==== Source information ====
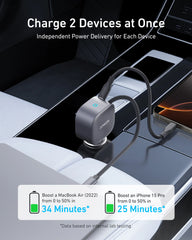 Refurbished Anker Nano 75W Car Charger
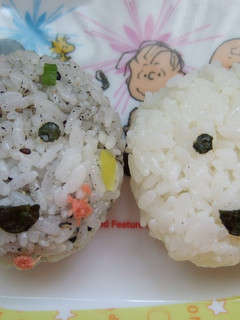 ケボ&モッチのおにぎり-レシピのメイン写真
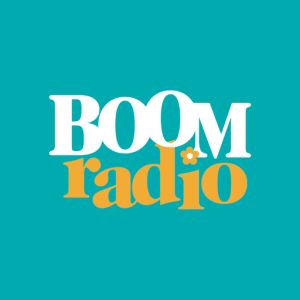 Logo of radio station Boom Radio UK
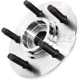 Purchase Top-Quality Rear Wheel Hub by DURAGO - 295-95034 pa3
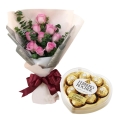 send flower with chocolate to cebu philippines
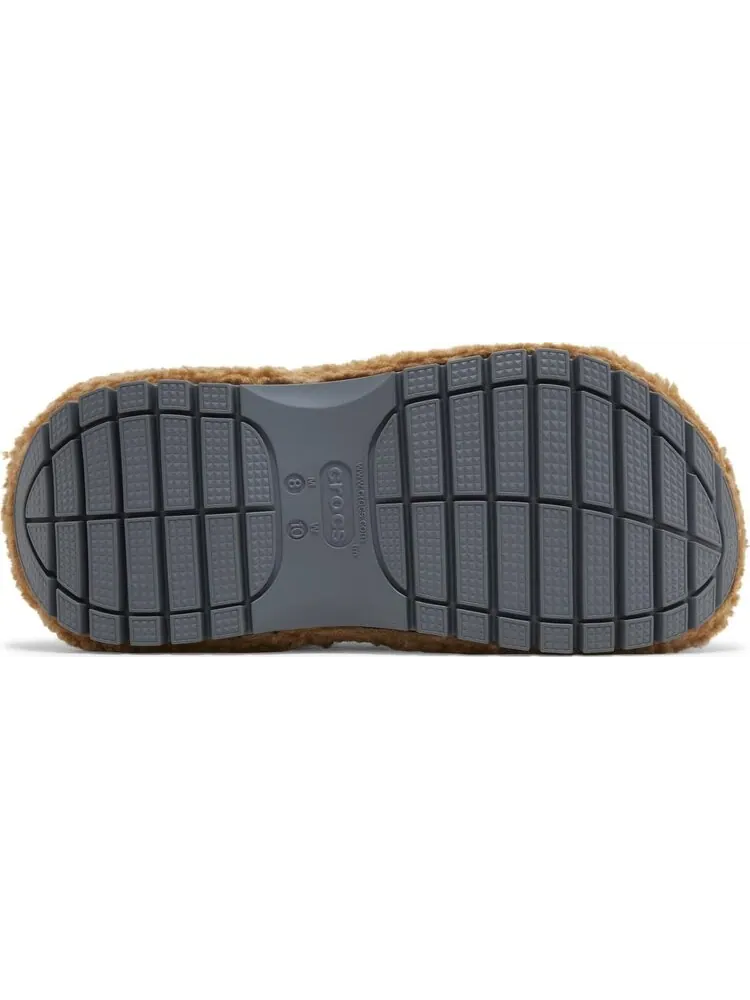 Кроссовки Lil Nas X x Mega Crush Clog 'Brown Sherpa' — изображение 4 из 4, коричневый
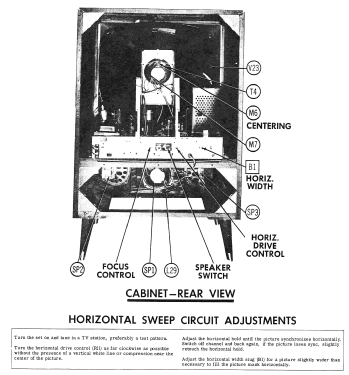 21B179SU2 Ch= 411-21; Hoffman Radio Corp.; (ID = 2746515) Télévision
====
## Task directions
Leaving the pictures out, copy exactly the lines from the line that contains "ケボ&モッチのおにぎり-レシピのメイン写真" to the last line of the data, both ends included.

## Solution below
 ケボ&モッチのおにぎり-レシピのメイン写真
 Logo of radio station Boom Radio UK
 Purchase Top-Quality Rear Wheel Hub by DURAGO - 295-95034 pa3
 send flower with chocolate to cebu philippines
 Кроссовки Lil Nas X x Mega Crush Clog 'Brown Sherpa' — изображение 4 из 4, коричневый
 21B179SU2 Ch= 411-21; Hoffman Radio Corp.; (ID = 2746515) Télévision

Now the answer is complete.